In 1766, Raja Jagannath Singh, a zamindar of Dampara of Ghatsila in Dhalbhum, revolted against the enhanced revenue taxes of the British East India Company. This revolt is well known as Chuar revolt, the first revolt against British East India Company in Bengal Presidency.

==Geography==

===Location===
Dhalbhumgarh is located at .

Dhalbhumgarh is shown in Palashbani village/ mouza in the map of Dhalbhumgarh CD block in the District Census Handbook, Purbi Singhbhum, Series 21, Part XII A.

===Area overview===
The area shown in the map “forms a part of the Chota Nagpur Plateau and is a hilly upland tract”. The main rivers draining the district are the Subarnarekha and the Kharkai. The area lying between Jamshedpur and Ghatshila is the main industrial mining zone. The rest of the district is primarily agricultural. In the district, as of 2011, 56.9% of the population lives in the rural areas and a high 43.1% lives in the urban areas.

Note: The map alongside presents some of the notable locations in the district. All places marked in the map are linked in the larger full screen map.

==Civic administration==
There is a police station at Dhalbhumgarh.

The headquarters of Dhalbhumgarh CD block is located at Dhalbhumgarh village.

==Demographics==
According to the 2011 Census of India, Palashbani had a total population of 415, of which 197 (47%) were males and 218 (53%) were females. Population in the age range 0–6 years was 57. The total number of literate persons in Palashbani was 218 (60.89% of the population over 6 years).

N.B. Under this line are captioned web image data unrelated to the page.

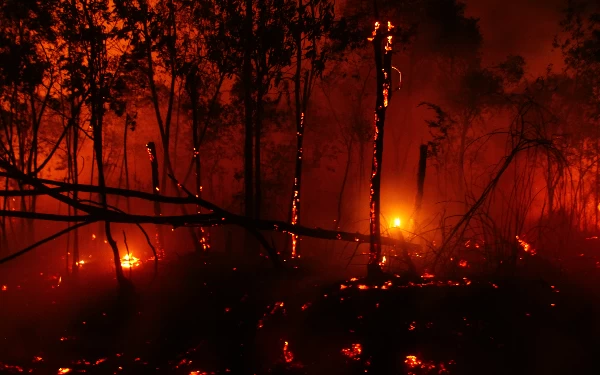 (Berita Foto) Berjibaku Padamkan Api di Pulau Semambu, Ogan Ilir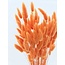 Oranje Lagurus droogbloemen | Lengte ± 65 centimeter | Gewicht ± 100 gram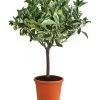 Weißbunte Orange 'Variegata' -Outdoor Living Verkauf 7623093 WE FS 001 CitrusWeissbunteOrangeVariegataT20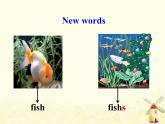 冀教版（三起）英语小学三年级下册U1-L3 Fish and Birds教学课件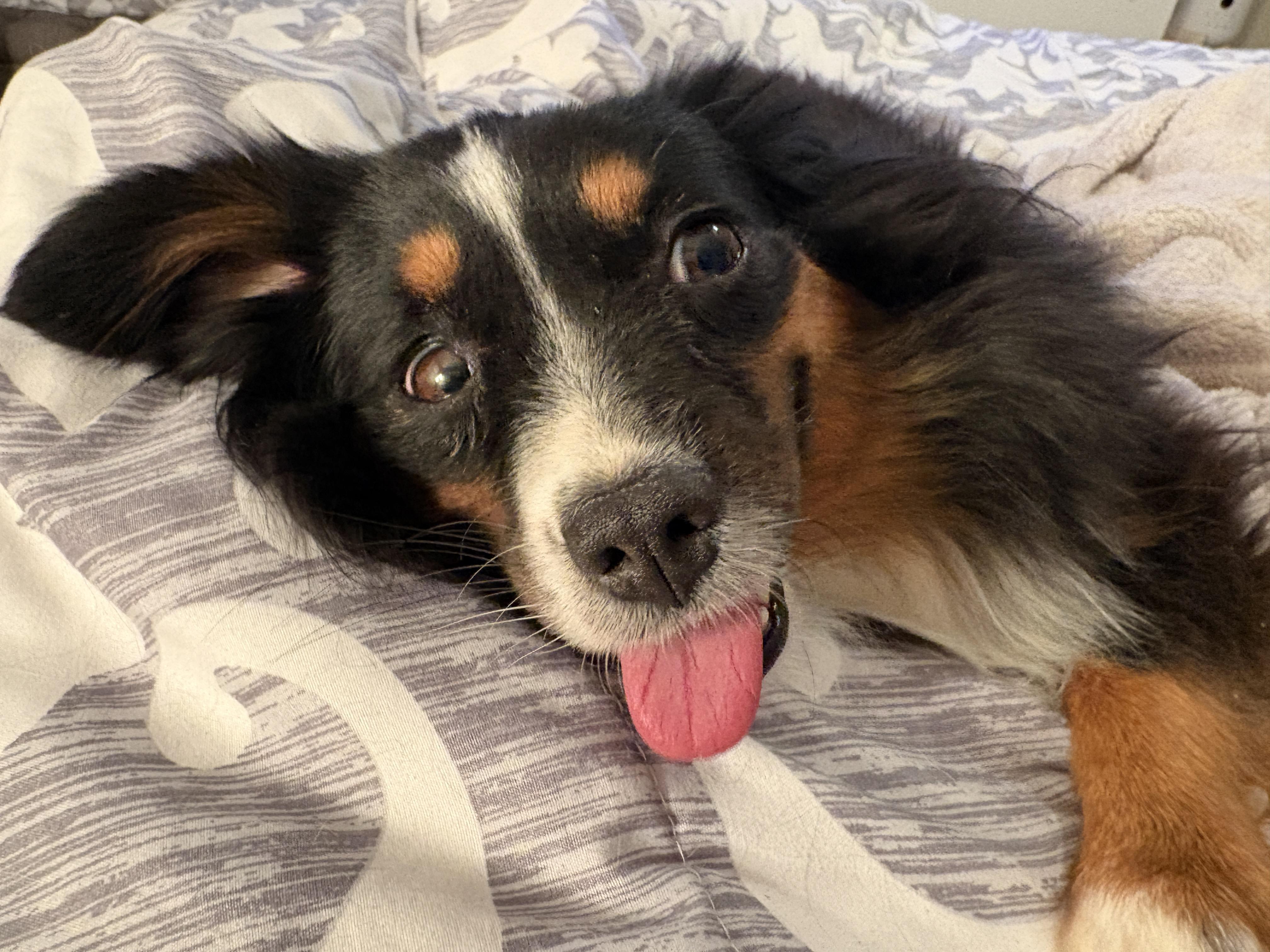 Birdie, an adopted mixed breed in Denver, CO image 3/3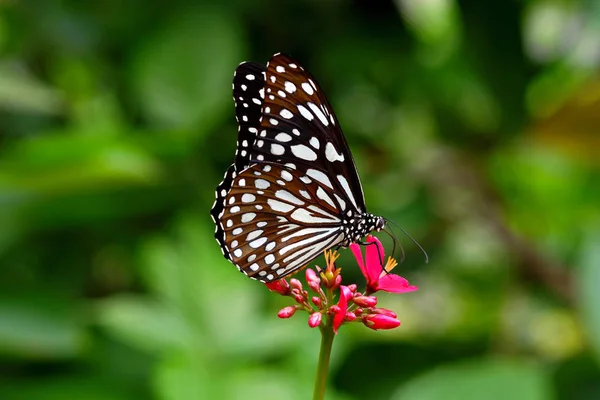 Gyönyörű Fekete Fehér Pillangó Perching Vörös Virágok — Stock Fotó
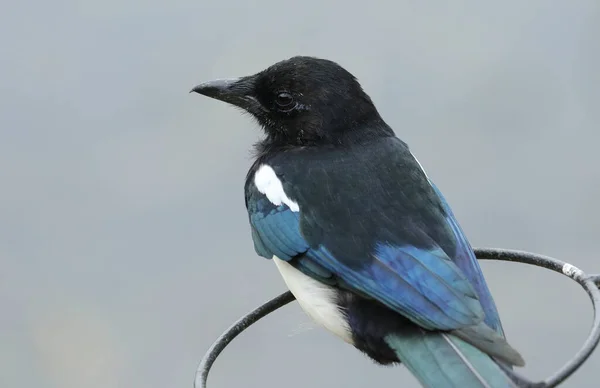 Magpie Muito Juvenil Pica Pica Poleiro Metal — Fotografia de Stock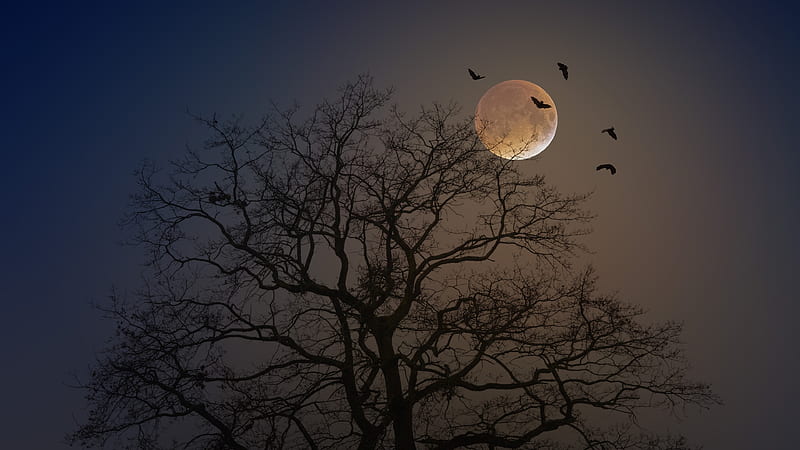 Earth, Moon, Bat, Tree, HD wallpaper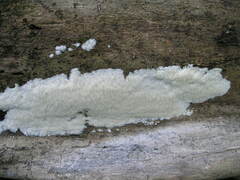 Dentipellis fragilis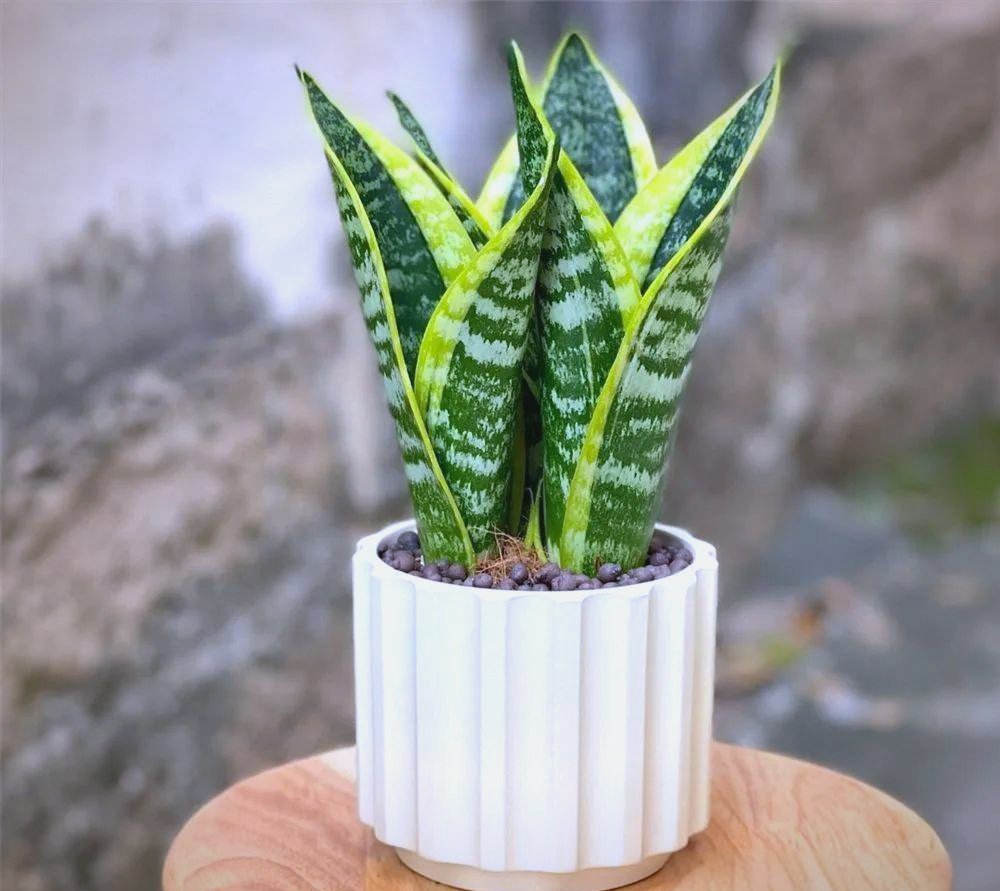 VioletFalci8sq's tweet photo. Remember to rotate your houseplants weekly! This encourages even growth so they stay lush and balanced. ， https://t.co/4c0sduFS95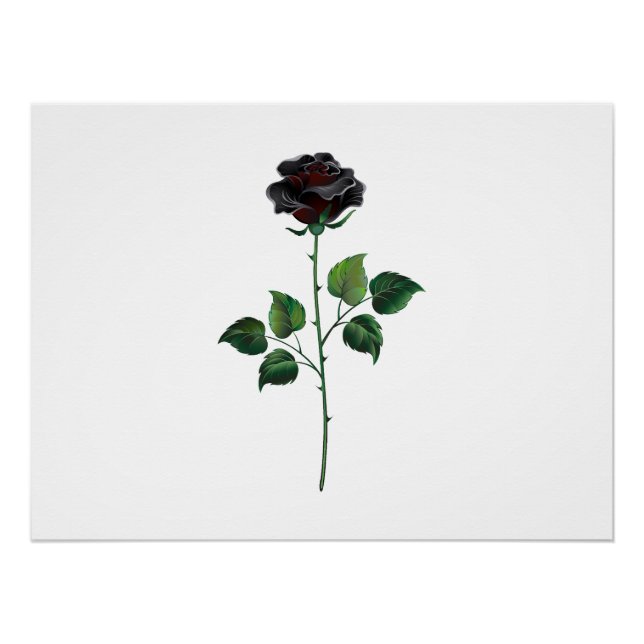Schwarze Rosenblume Poster (Vorderseite)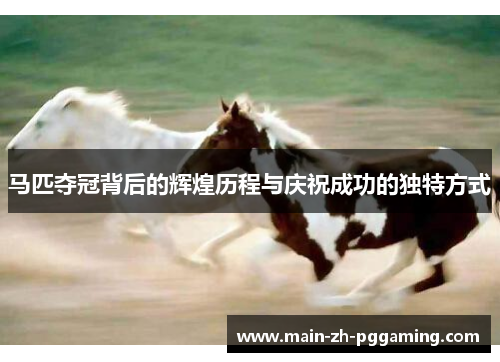 马匹夺冠背后的辉煌历程与庆祝成功的独特方式
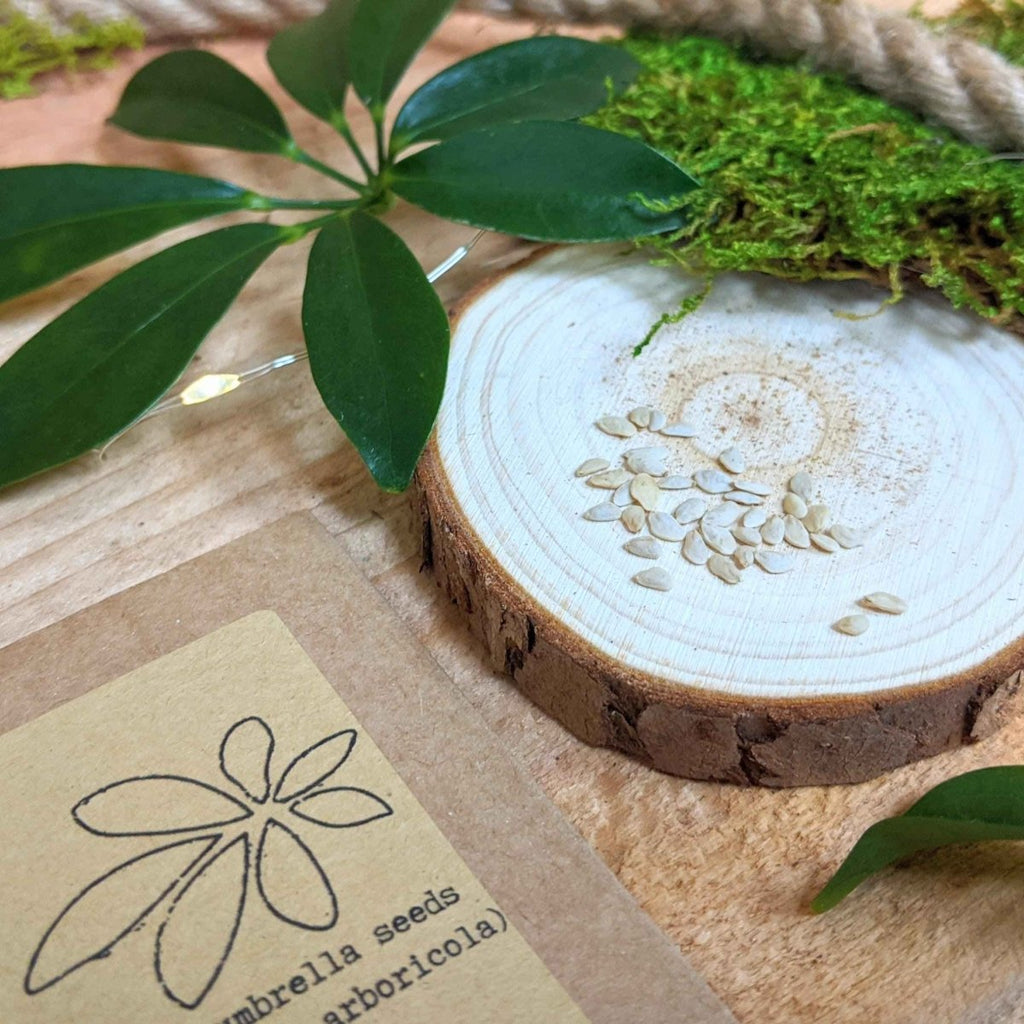Schefflera Arboricola 'Dwarf Umbrella Plant' Seeds - Michaela's Outdoors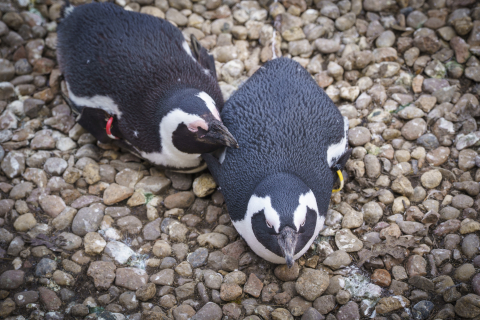 Wrocławskie zoo chroni zagrożone gatunki. Dla wielu to jedyna szansa na przetrwanie - 1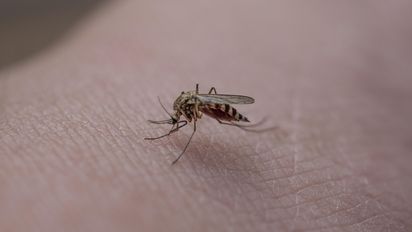 El CDC alerta que millones de personas en el mundo viven en áreas con riesgo de dengue.
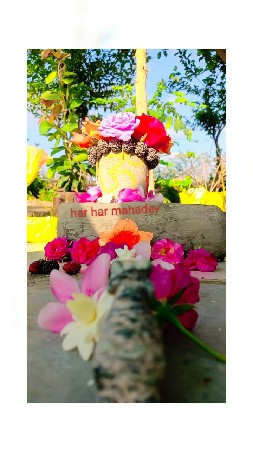ભેંસ વેચવાની છે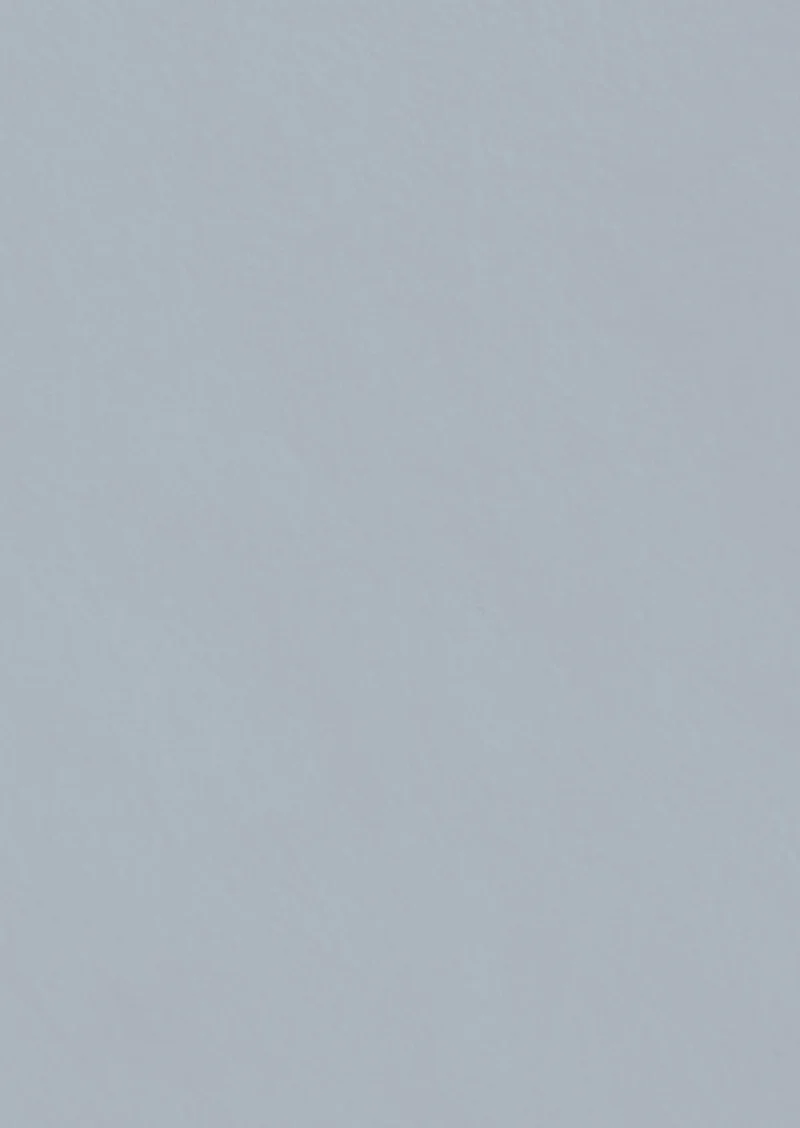 Savella lerfärg - Mist no.19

(*For language details see Dhalbhumgarh block#Language and religion)

==Transport==
Dhalbhumgarh railway station is managed by South Eastern Railways. National Highway 18 passes through Dhalbhumgarh. The closest airport, Sonari Airport, is at Jamshedpur, but Dhalbhumgarh Airport is planned.

==Education==
Kasturba Gandhi Balika Vidyalaya is a Hindi-medium girls only institution established in 2006. It has facilities for teaching from class VI to class XII. The school has a playground, a library with 300 books, and has 7 computers for teaching and learning purposes.